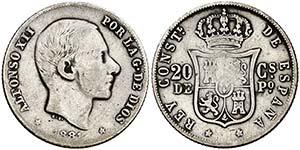 1881. Alfonso XII. Manila. 20 centavos. ... 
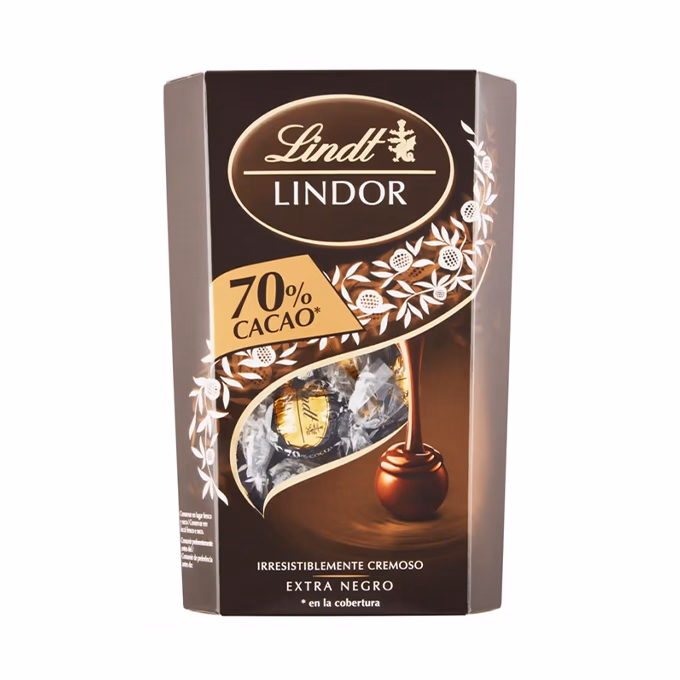 Csokoládé LINDT Lindor 70% Cacao étcsokoládé golyók díszdobozban 337 g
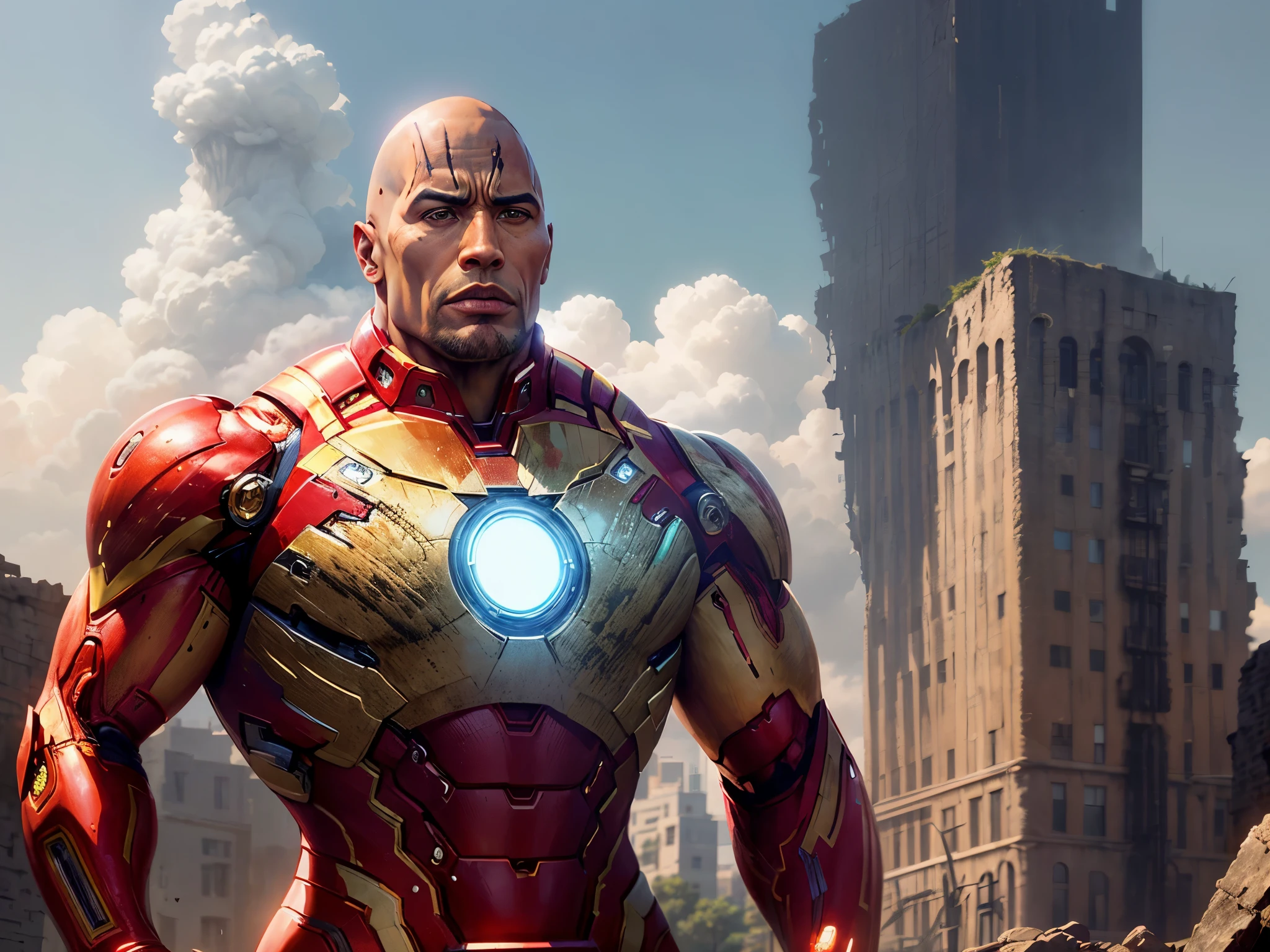 high, 2米high肌肉男張嘴大喊., huge, character idea(((Dwayne Johnson))), (((Wearing Iron Man armor))), Show your face without a hood, high金屬質感, regular symmetrical texture pattern, Standing alone in the ruins of the city in the open air, The bright sunshine is shining on you, Serious expression, A hero with deep and charming pupils, heroic male pose, high大魁梧, Super gain and cool, high分辨率委员会, Charming strong man, The bright sunshine is shining on you, Reflective and shiny, #the rock, #ironman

## Task requirements:
Extract the lines exactly, please: the first line of the listing, the line with "Csokoládé LINDT Lindor", and every line between them, but no pictures.

## Answer space:
 1881. Alfonso XII. Manila. 20 centavos. ... 
 Csokoládé LINDT Lindor 70% Cacao étcsokoládé golyók díszdobozban 337 g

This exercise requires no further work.